Yorgos Lanthimos is one of modern European cinema’s pioneering auteurs, his ambient peculiarity nestling itself perfectly with the desires of audiences. Nowadays, we crave originality through visual molestation that the director executes with such credence. His breakthrough release, Dogtooth (2009), paraded this seething undertone of dark, almost comical, evil. It cemented Lanthimos as a purveyor of the weird and a leading light in the avant-garde. This may well be why his follow-up, Alps (Alpeis, 2011), feels like an all-round display of disappointing stalls, oscillating around an awkward narrative.
Much like Dogtooth, Alps‘ fundamental intention is to construct discomfort through a constant series of bizarre, indecipherable incidents. Unlike Dogtooth however, Lanthimos procrastinates around a motionless storyline full of familiar ingredients but no embellishment in style. The title Alps refers to a collective of dysfunctional characters whom offer their abnormal services to grieving families getting over the loss of a loved one. The group relieve their client’s aching loss by impersonating the deceased relative for a matter of months.
A quietly unhinged Aggeliki Papoulia plays a jaded nurse who accompanies a paramedic, gymnast and coach through idiosyncratic occurrences that play like a Chris Morris sketch rather than a coherent plot. Amidst all the absurd filler, that is the main crux of Alps. People impersonating dead people. A concrete concept that may have easily passed as appropriately disconcerting as it could be engaging. Undeniably intoxicating in its presentation, some may overlook the movie’s shortcomings. But many will be unable to ignore Lanthimos’ dithering. The director resides in a nauseating realm of inappropriate hypnotism; aimlessly wafting in and out of consciousness like a bad dream.
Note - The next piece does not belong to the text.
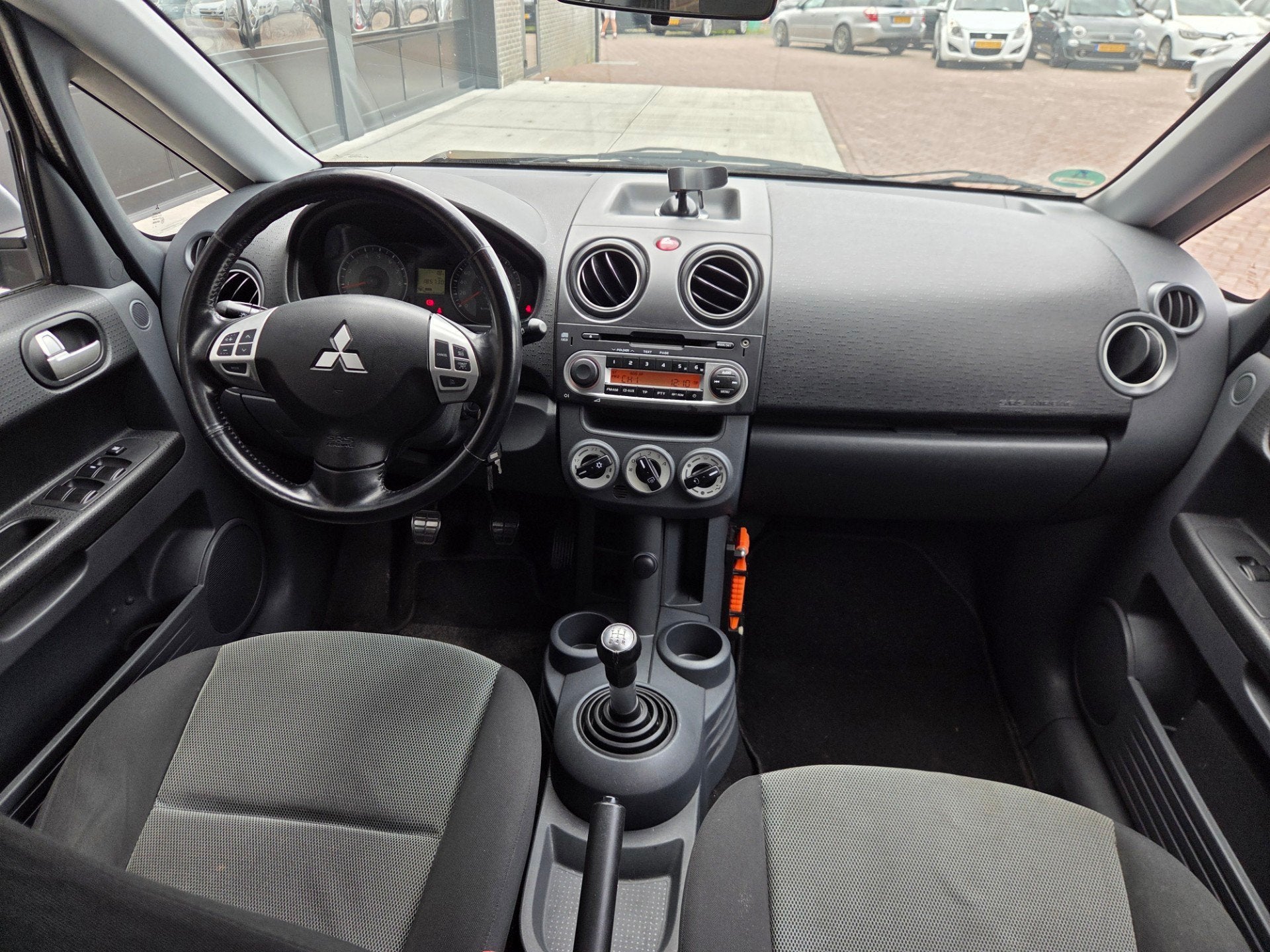 Mitsubishi Colt 1.3 Edition Two | 5 Deurs | Airco | APK Sept, Voorwielaandrijving, Stof, Gebruikt, 31 €/maand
Interestingly, inferences of Roy Andersson’s deceptively humorous Songs from the Second Floor (2000) emanate throughout Alps. Sincere performances from a well-rounded cast coupled with hardly any camera movement offer an influx of candour and quality. Yet, again, any coherency is lost by Lanthimos persistently alienating his audience from the players. Social nods to Greece’s current political devolution, while intended to be satirical, equate to nothing more than depressing and disparaging. Its aesthetic, while confident and ultimately attractive, is marred by the blasé content it covers.
The wonders of the weird are infinite. Directors such as Lanthimos and fellow niche Weird Wave acquaintance Anthia Rachel Tsangari are essential in demolishing boundaries. Cinema is in desperate need of revolutionaries such as these. But there is a finite line between radical thinking and disillusion. With Alps, Lanthimos has allowed his inner introvert to guide him absolutely nowhere. What should be controversial and uneasy is just a drowsy rehash of good ideas cut and pasted in the wrong order.